ACTIVITY. Below are some records. Retype exactly the lines from the one containing "Middle Eastern man" through the one containing "lime curd puff", both included, skipping every picture.

GIVEN DATA.
______________________________

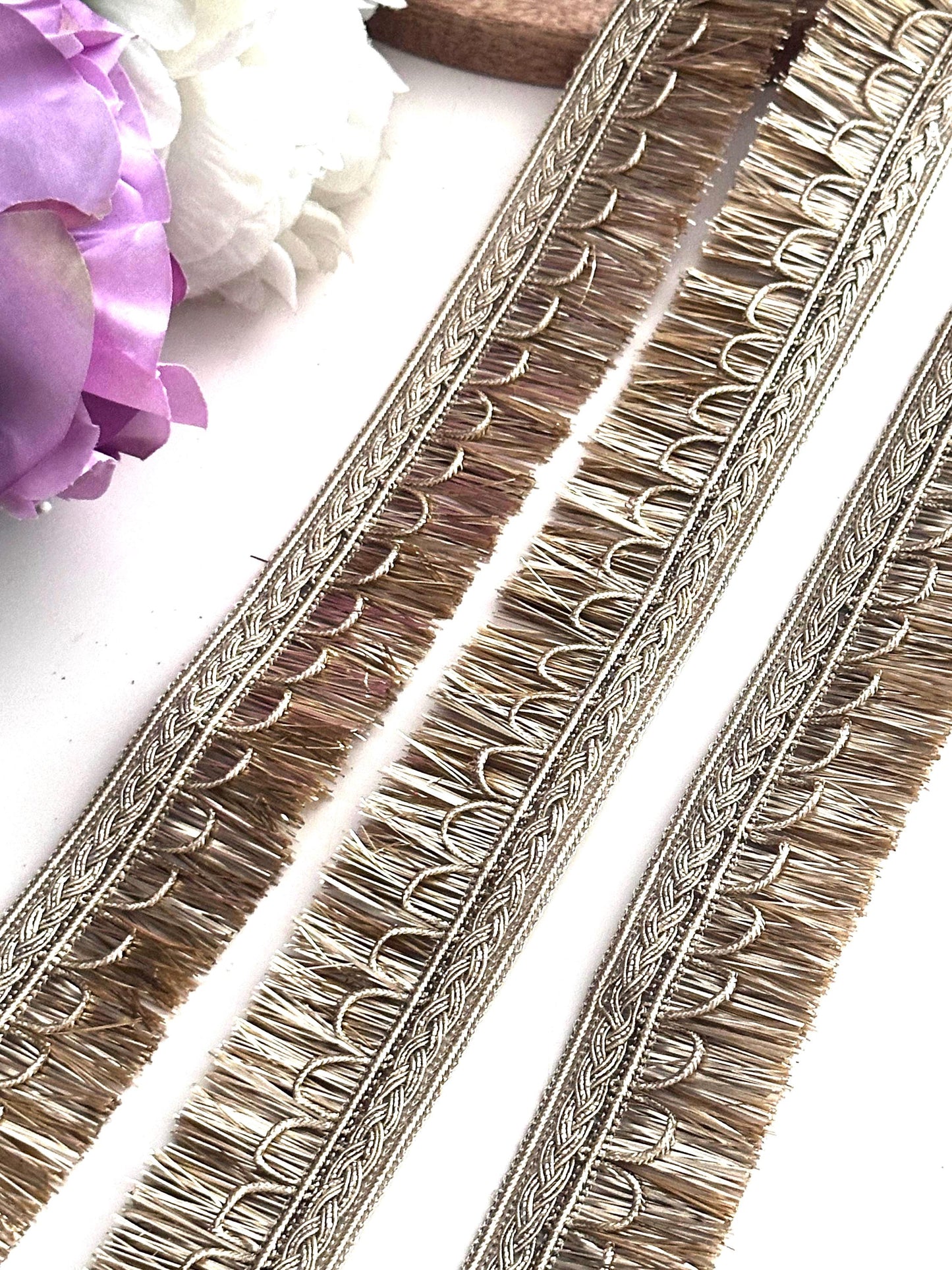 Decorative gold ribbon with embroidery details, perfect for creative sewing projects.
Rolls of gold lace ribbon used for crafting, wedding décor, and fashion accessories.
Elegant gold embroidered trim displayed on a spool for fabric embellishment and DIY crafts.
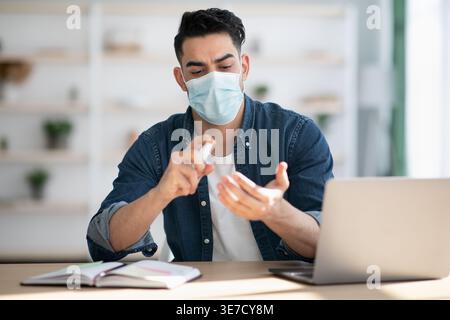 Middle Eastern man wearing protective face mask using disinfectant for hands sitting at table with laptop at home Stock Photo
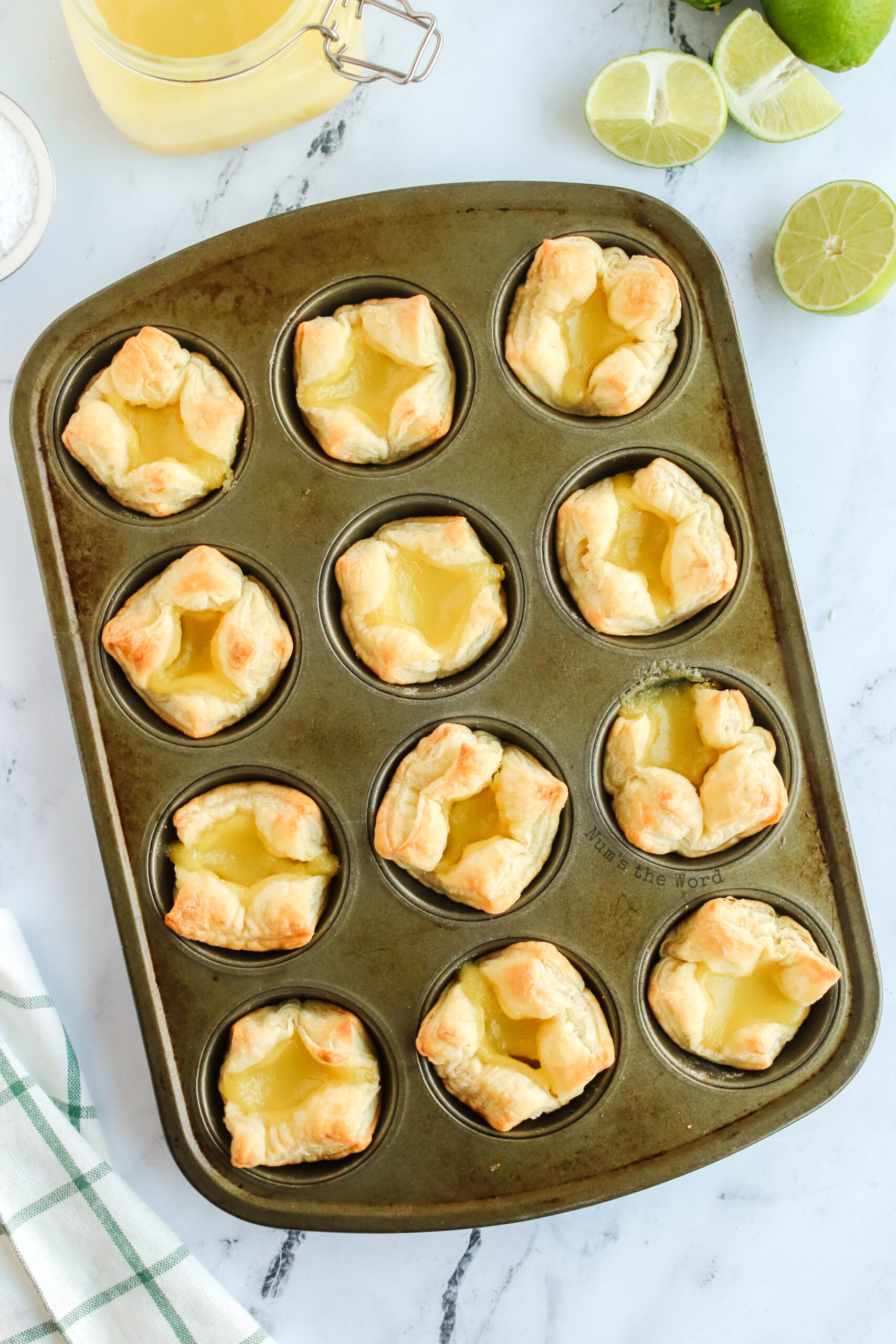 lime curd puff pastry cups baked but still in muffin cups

______________________________

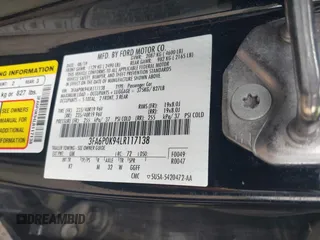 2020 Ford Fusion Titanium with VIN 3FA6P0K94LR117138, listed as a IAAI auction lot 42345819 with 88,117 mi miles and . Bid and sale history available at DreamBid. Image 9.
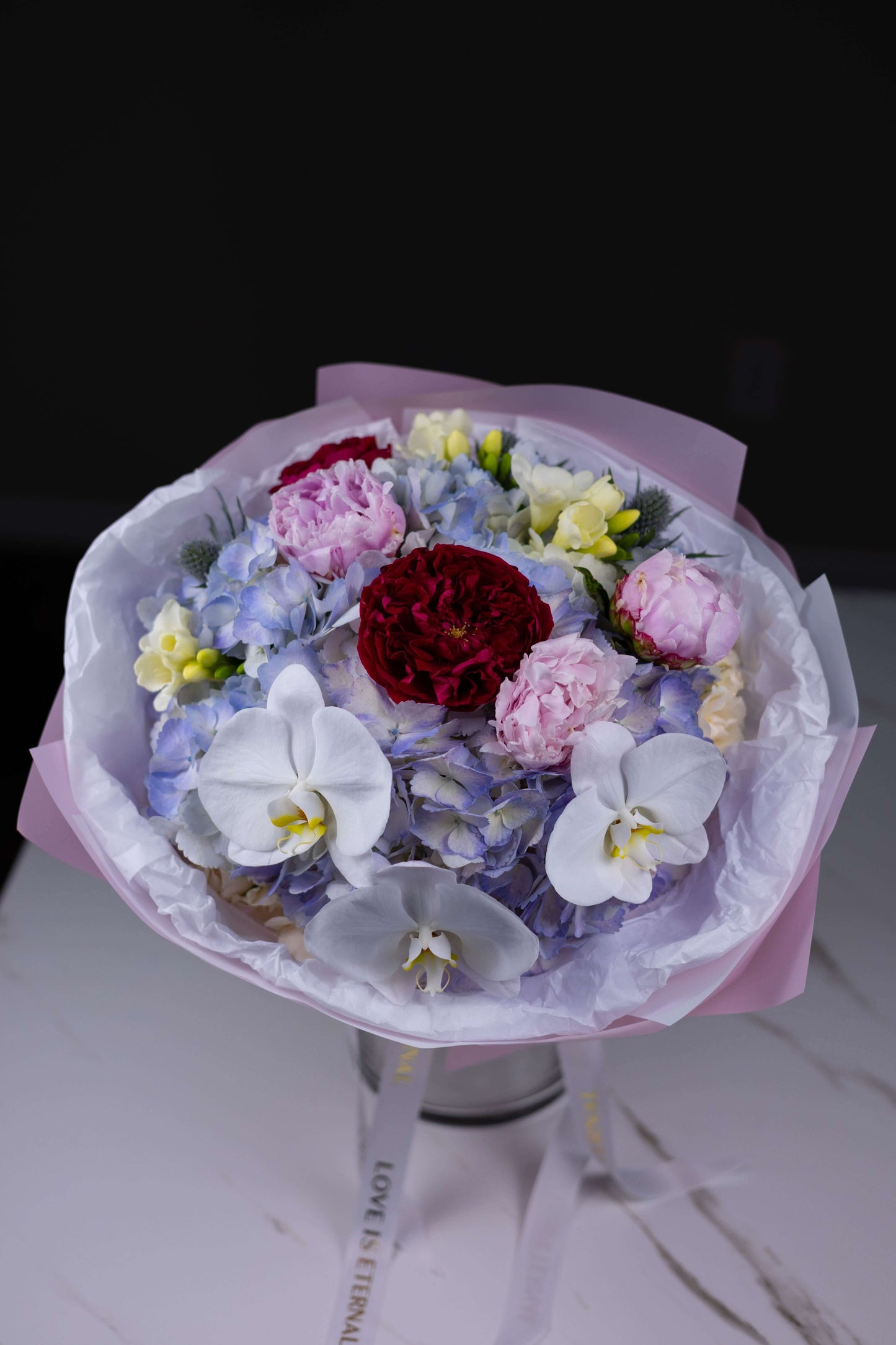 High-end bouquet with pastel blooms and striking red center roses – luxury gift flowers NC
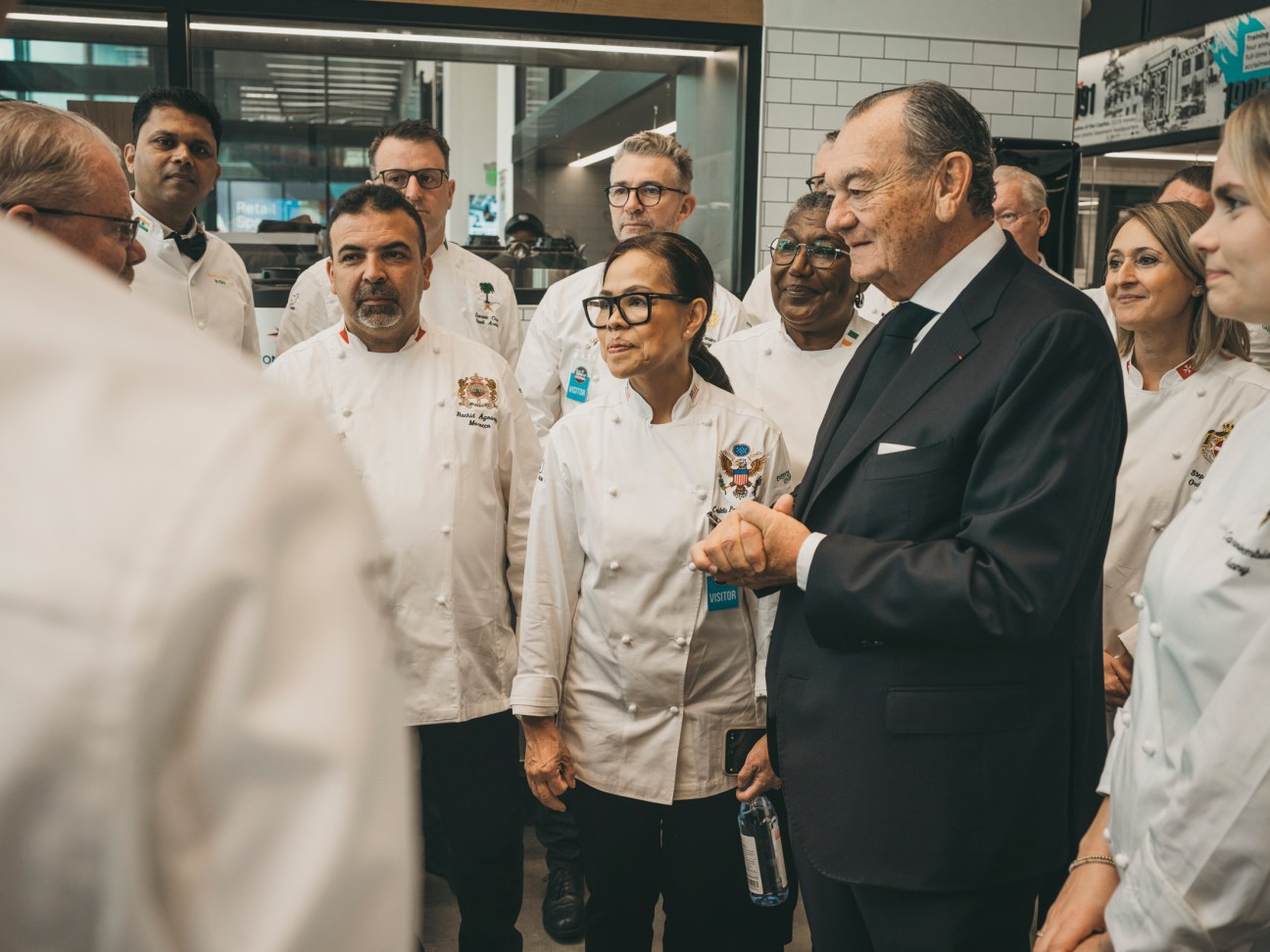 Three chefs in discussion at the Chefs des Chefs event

______________________________

TASK ANSWER.
 Middle Eastern man wearing protective face mask using disinfectant for hands sitting at table with laptop at home Stock Photo
 lime curd puff pastry cups baked but still in muffin cups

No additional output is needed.